▶ PROBLEM TO WORK ON
Every record below should be repeated exactly. Omit the pictures.

▶ SOURCE DATA
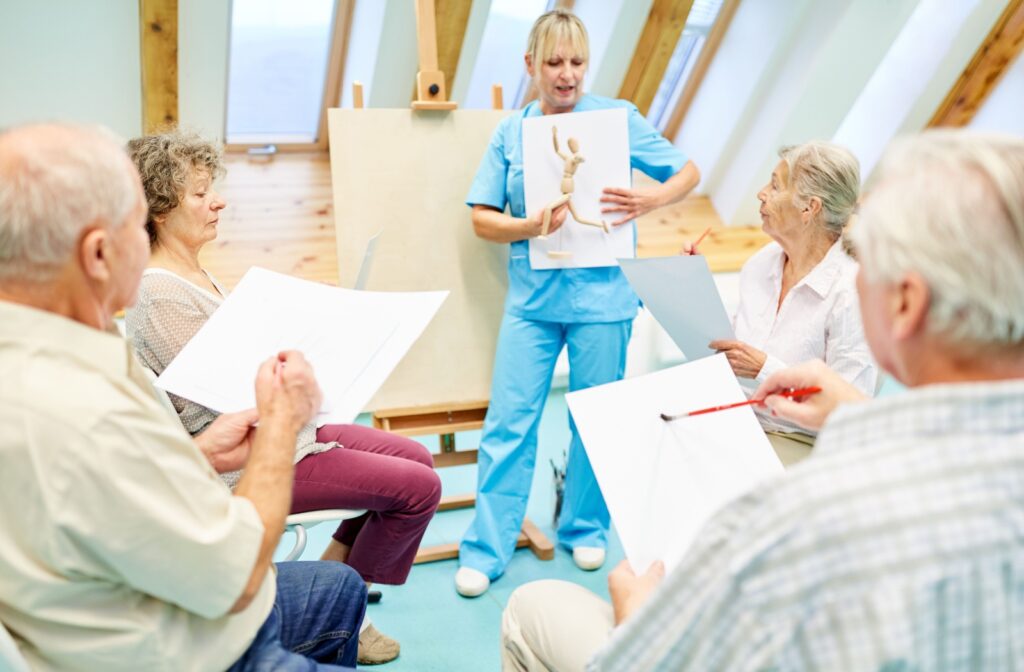  An art therapist in blue scrubs teaches a class to a group of seniors with dementia in a well-lit room in memory care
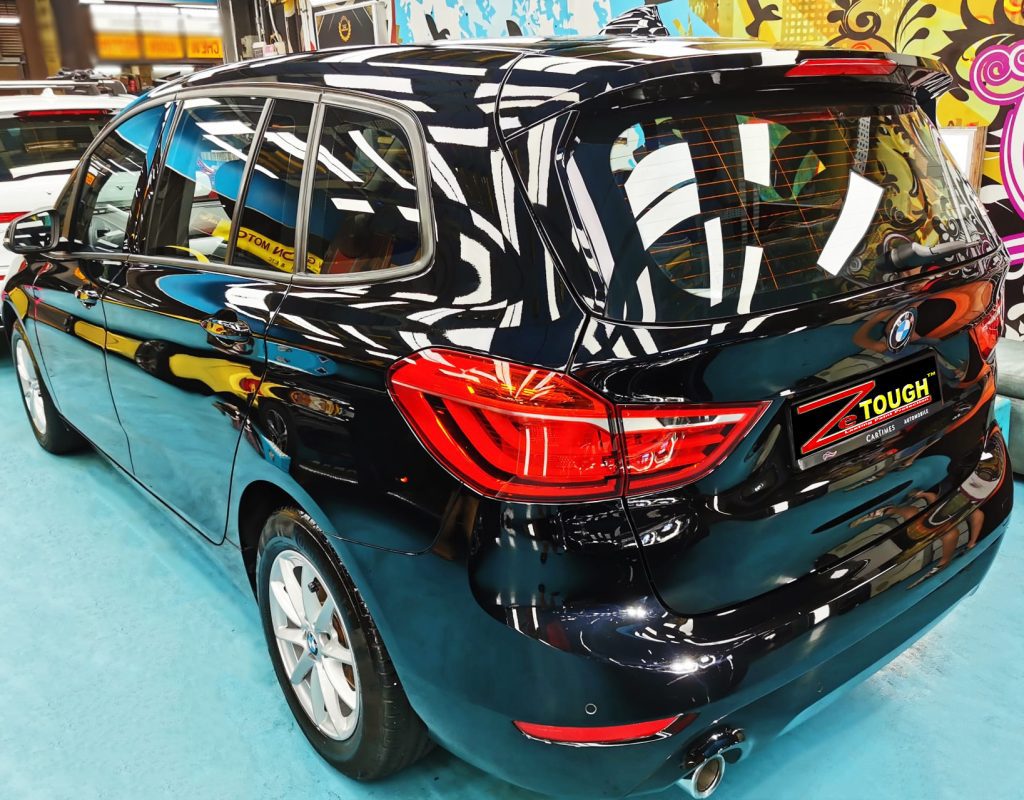 Rear quarter of the BMW 216i GT, glossy and protected.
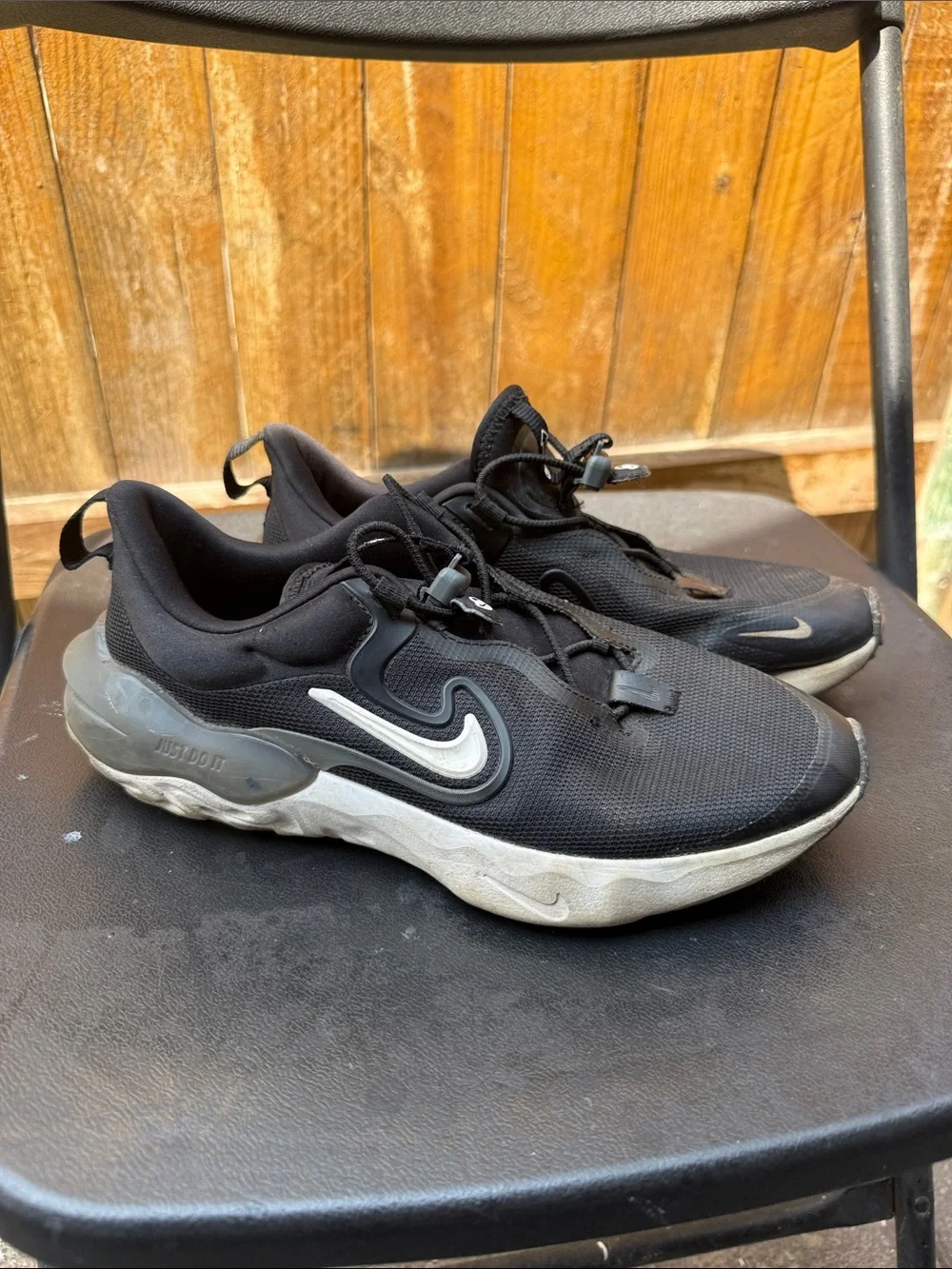 Nike Kids Black Sneakers with White Swoosh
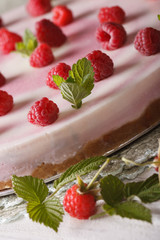 Raspberry cheesecake with mint macro on the table. vertical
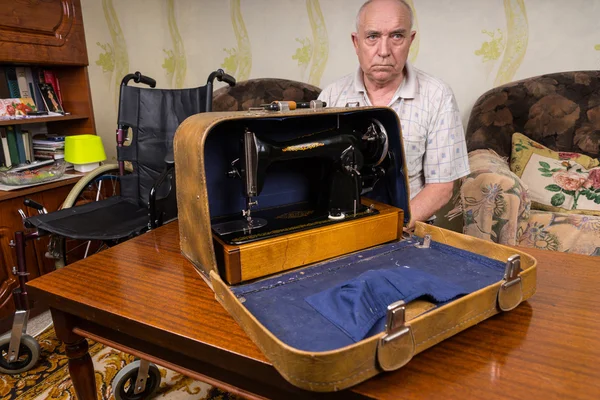 Senior Man Showing his Sewing Machine in a Case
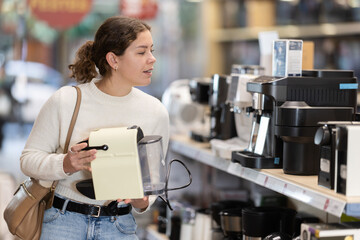 Young woman buyer chooses electric coffee machine in home appliance store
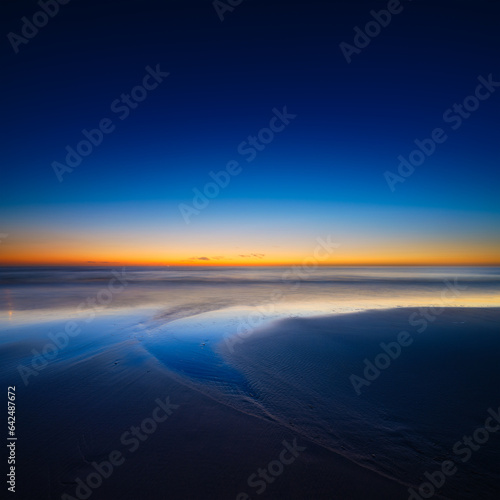 A seascape during sunset. Lines of sand on the seashore. Bright sky during sunset. A sandy beach at low tide. Wallpaper and background. © biletskiyevgeniy.com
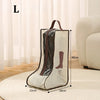A beige tall boot storage bag with a brown handle and clear plastic window is shown on a light rug.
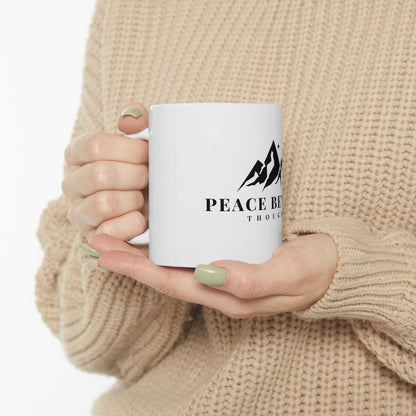 Woman in beige sweater holding white mug with mountain graphic and 'Peace Beyond Thought' text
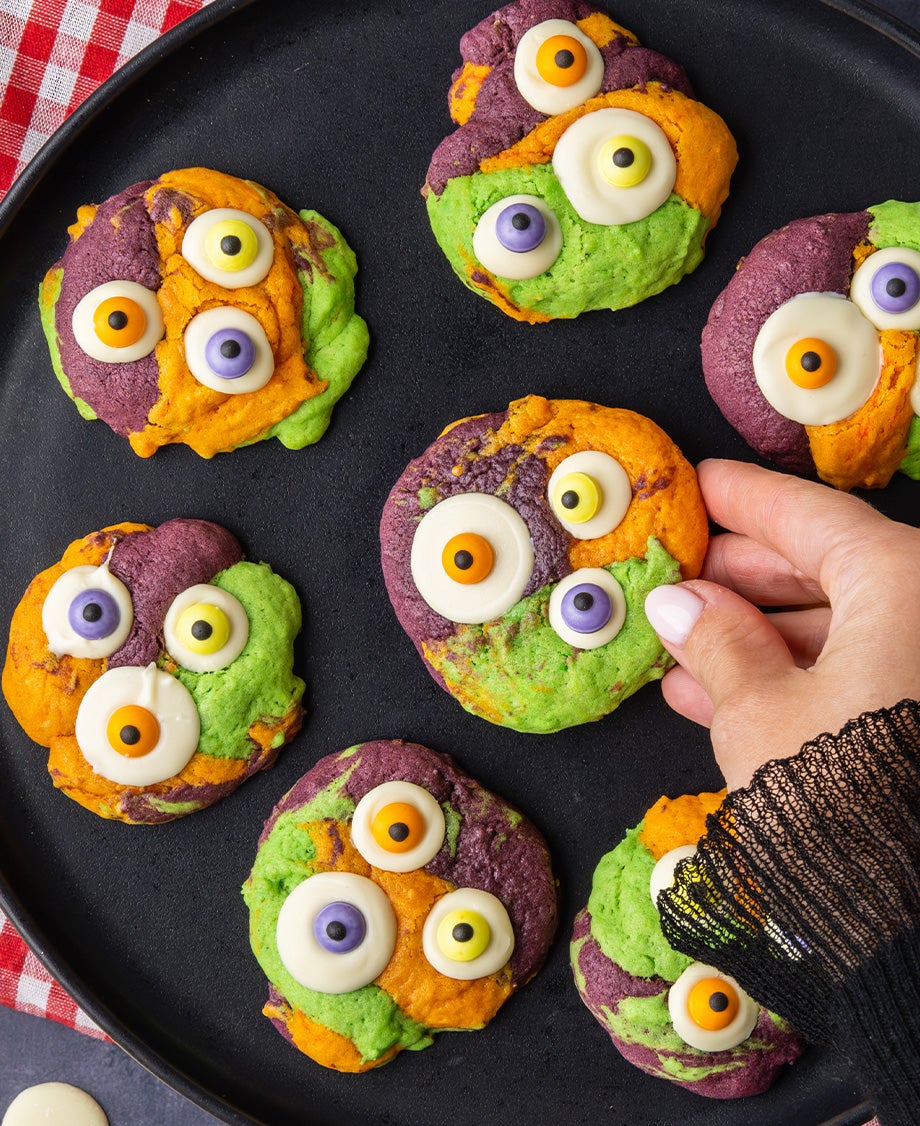  Orange, Green and Purple monster cookies with three Milkybar white chocolate googly eyes with purple, yellow and orange Smar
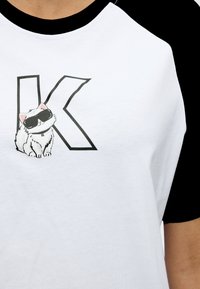 Λευκό και μαύρο μπλουζάκι με μανίκια ράγκλαν, με μεγάλο γράμμα Κ και μια μικρή γάτα που φοράει γυαλιά ηλίου στο στήθος.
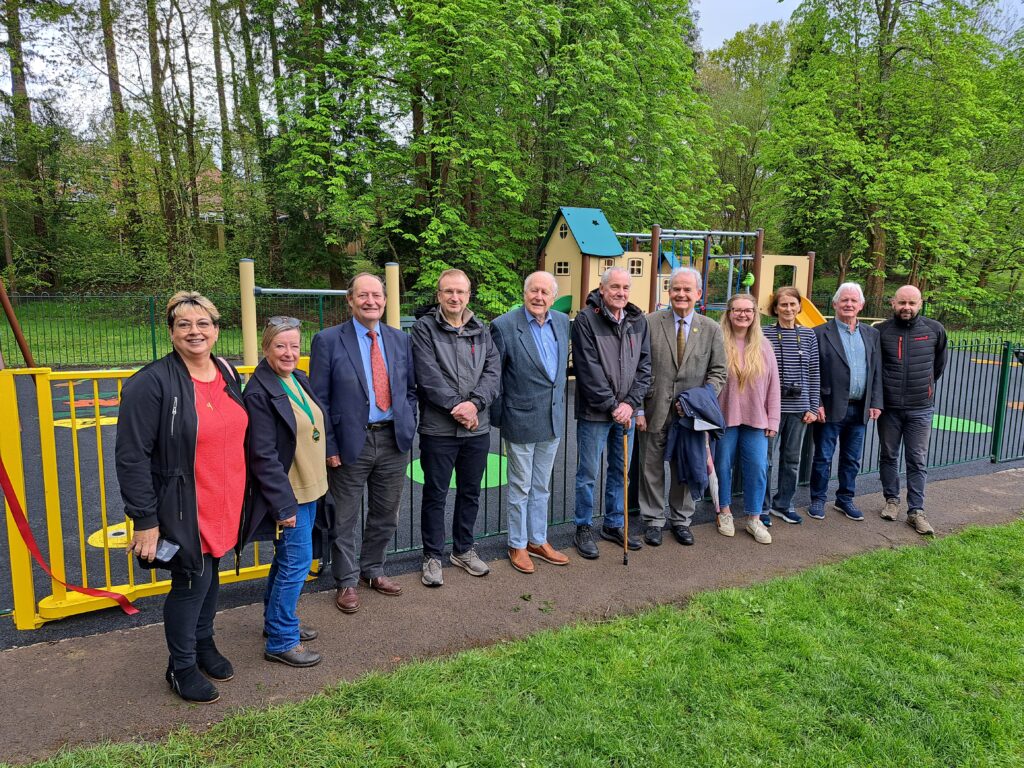 Group of 11 people posing by the fence at the Queen Elizabeth II play area opening in Ashurst, with playground equipment behind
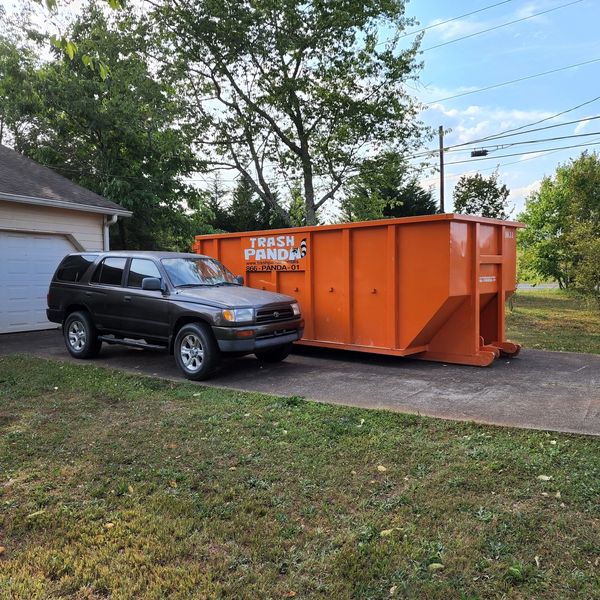 Rear door entry on Trash Panda dumpsters for easy loading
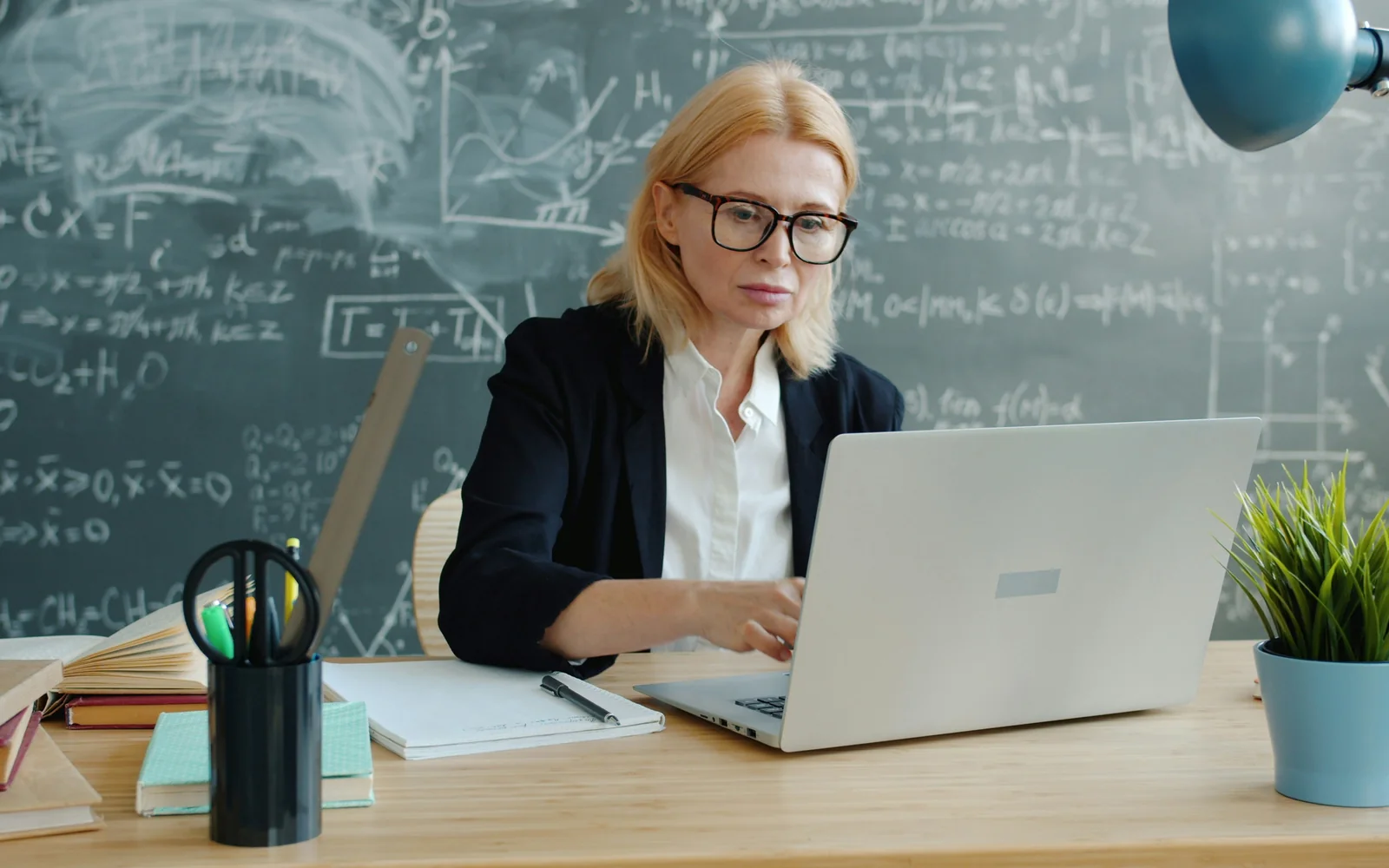 Преподаватель работает за ноутбуком в аудитории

▶ RESPONSE TO THE TASK
  An art therapist in blue scrubs teaches a class to a group of seniors with dementia in a well-lit room in memory care
 Rear quarter of the BMW 216i GT, glossy and protected.
 Nike Kids Black Sneakers with White Swoosh
 Raspberry cheesecake with mint macro on the table. vertical
 Senior Man Showing his Sewing Machine in a Case
 Young woman buyer chooses electric coffee machine in home appliance store
 A seascape during sunset. Lines of sand on the seashore. Bright sky during sunset. A sandy beach at low tide. Wallpaper and background. © biletskiyevgeniy.com
A beige tall boot storage bag with a brown handle and clear plastic window is shown on a light rug.
 Woman in beige sweater holding white mug with mountain graphic and 'Peace Beyond Thought' text
  Orange, Green and Purple monster cookies with three Milkybar white chocolate googly eyes with purple, yellow and orange Smar
 Λευκό και μαύρο μπλουζάκι με μανίκια ράγκλαν, με μεγάλο γράμμα Κ και μια μικρή γάτα που φοράει γυαλιά ηλίου στο στήθος.
 Group of 11 people posing by the fence at the Queen Elizabeth II play area opening in Ashurst, with playground equipment behind
 Rear door entry on Trash Panda dumpsters for easy loading
 Преподаватель работает за ноутбуком в аудитории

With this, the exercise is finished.